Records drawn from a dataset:

- - - - - - -

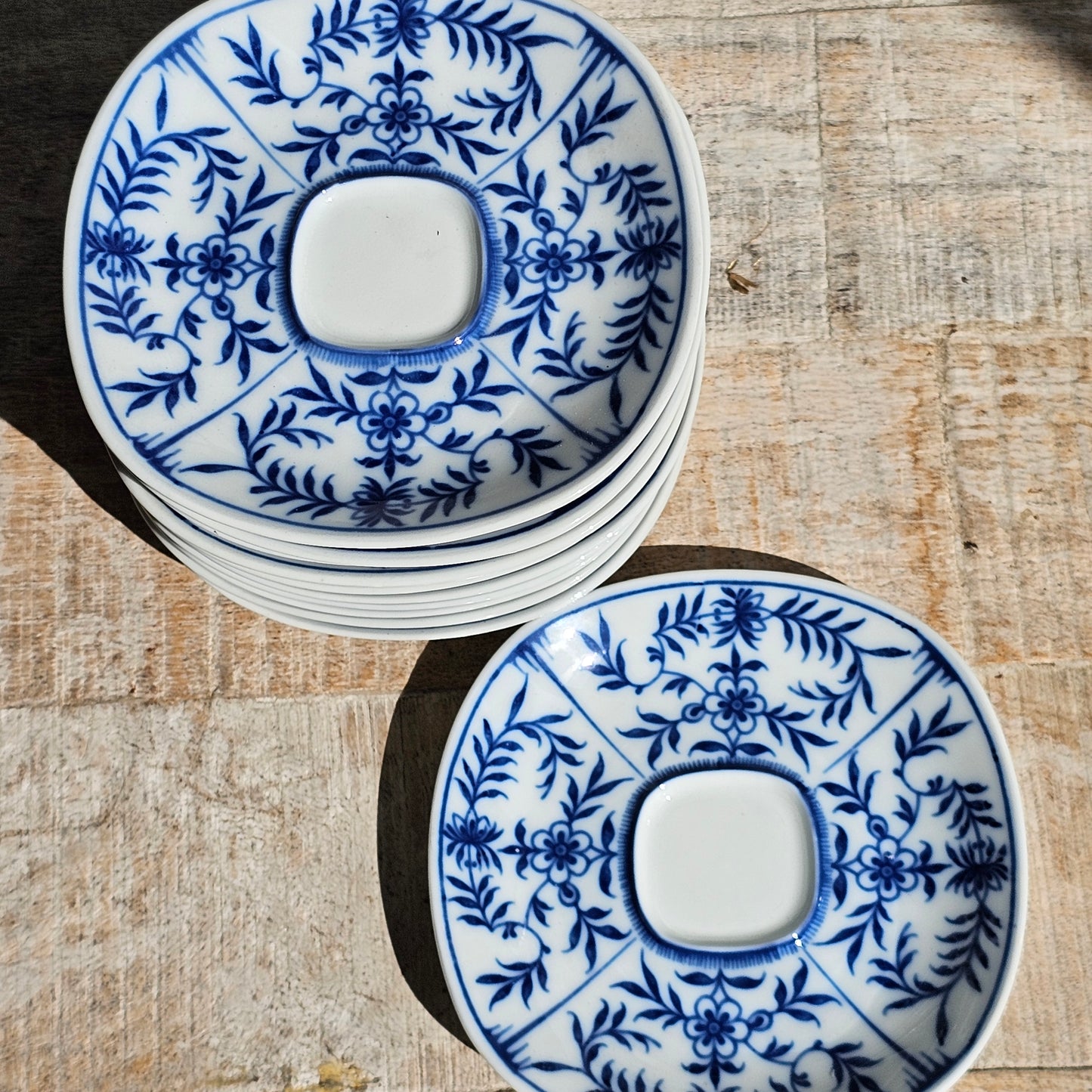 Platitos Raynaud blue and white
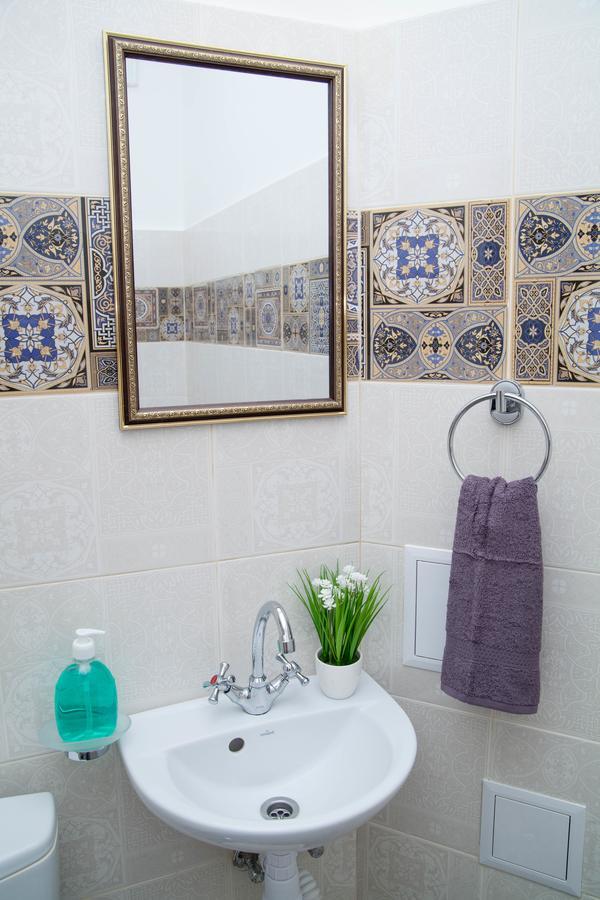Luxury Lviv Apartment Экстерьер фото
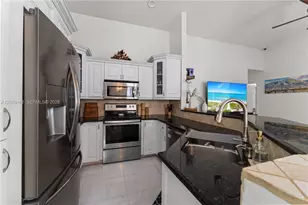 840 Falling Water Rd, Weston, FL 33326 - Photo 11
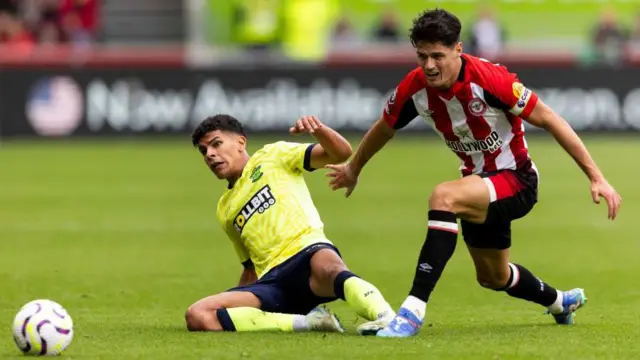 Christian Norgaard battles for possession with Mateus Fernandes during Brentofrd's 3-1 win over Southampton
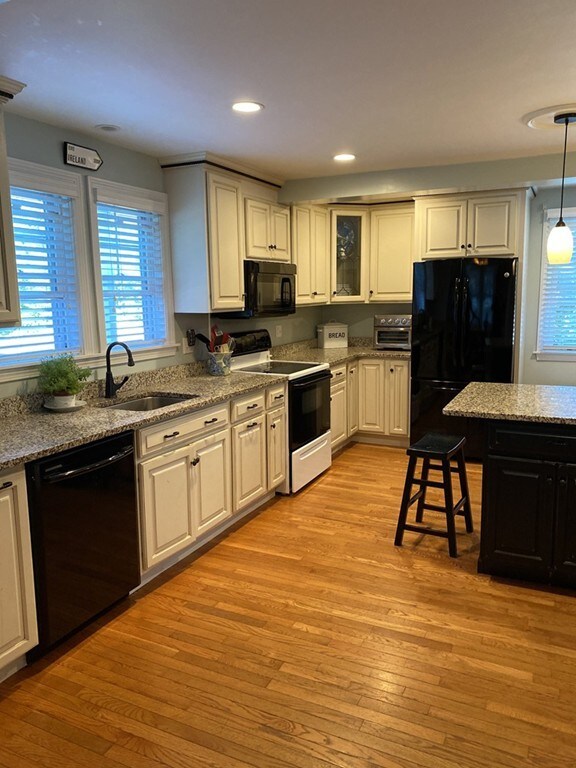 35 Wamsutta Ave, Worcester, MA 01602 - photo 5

- - - - - - -

AIM OF THE EXERCISE.
I'd like the records above given again exactly, please, without the pictures.

RESULT OF THE EXERCISE.
 Platitos Raynaud blue and white
Luxury Lviv Apartment Экстерьер фото
 840 Falling Water Rd, Weston, FL 33326 - Photo 11
 Christian Norgaard battles for possession with Mateus Fernandes during Brentofrd's 3-1 win over Southampton
 35 Wamsutta Ave, Worcester, MA 01602 - photo 5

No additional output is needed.